Desert Rock: Tribal members push alternatives, Navajo
Nation wants EPA action
By Cornelia de Bruin, Farmington Daily
Times, FEBRUARY 11, 2008
FARMINGTON — Navajo tribal members who
believe their voices are needed in the fight against
the proposed Desert Rock Power Plant their government
supports claim a host of alternatives to burning coal
exist on the Navajo Nation.
The group, called Diné CARE, holds a viewpoint
that is squarely opposite of Desert Rock supporters,
such as project spokesman Frank Maisano, of the Washington,
D.C., law firm Bracewell & Giuliani LLC.
"It's a Navajo project and the
Navajo are choosing to take part of their vast resources,
which include coal, and advance the cause of their people,"
Maisano said. "The plant will generate $50 million
in revenue per year, bring thousands of construction
jobs, 400 permanent jobs and a wealth of indirect benefits."

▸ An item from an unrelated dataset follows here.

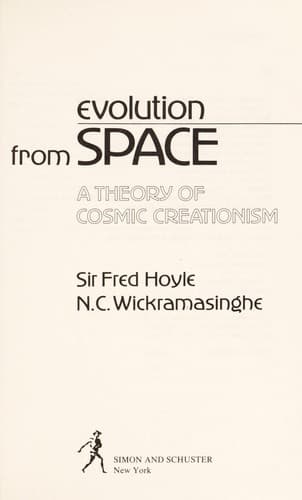 Evolution from Space.. A Theory of Cosmic Creationism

The massive project, however, is held
up in the federal permitting process. Project developers
hope to begin construction sometime this year near Burnham
in San Juan County.
Diné CARE's recent release of
a report stating its views about the Desert Rock Power
Plant project preceded by less than two weeks letters
from Navajo President Joe Shirley, Jr. and the Bracewell
& Giuliani firm notifying the Environmental Protection
Agency of the tribe's intent to sue to force EPA's release
of its Prevention of Significant Deterioration (air)
permit.
Desert Rock organizers submitted its
air permit application to the EPA in May 2004. A draft
permit was issued in August 2006, followed by a series
of public meetings and hearings. EPA officials are still
evaluating and responding to concerns from comments
received at those meetings.
In addition, Desert Rock is awaiting
a final Environmental Impact Statement from the federal
government.
Despite seeming to be new information
submitted at the last minute, Dailan Long, spokesman
for Diné CARE, said the group's 168-page report
is an extension of comment it submitted to EPA in July
2007.
The report, titled "Diné
Citizens Against Ruining the Environment," throws
down the gauntlet to the Nation's elected officials
by using the tribe's fundamental laws to make a case
against the $3.7 billion power plant.
"The fundamental laws are the guiding
post, the guiding principles which have existed since
the dawn of life for us," Long said.
Based on the heart of Navajo culture
The fundamental laws are based on "K'é,"
the Navajo word describing the principle of relations
among the Navajo people, and between individual tribal
members and their environment.
"The Navajo Nation used these laws
to ban uranium mining," Long said. "We assert
that coal extraction and uranium mining are synonymous:
they're equally destructive, so it's not fair to ban
one substance and totally pursue another."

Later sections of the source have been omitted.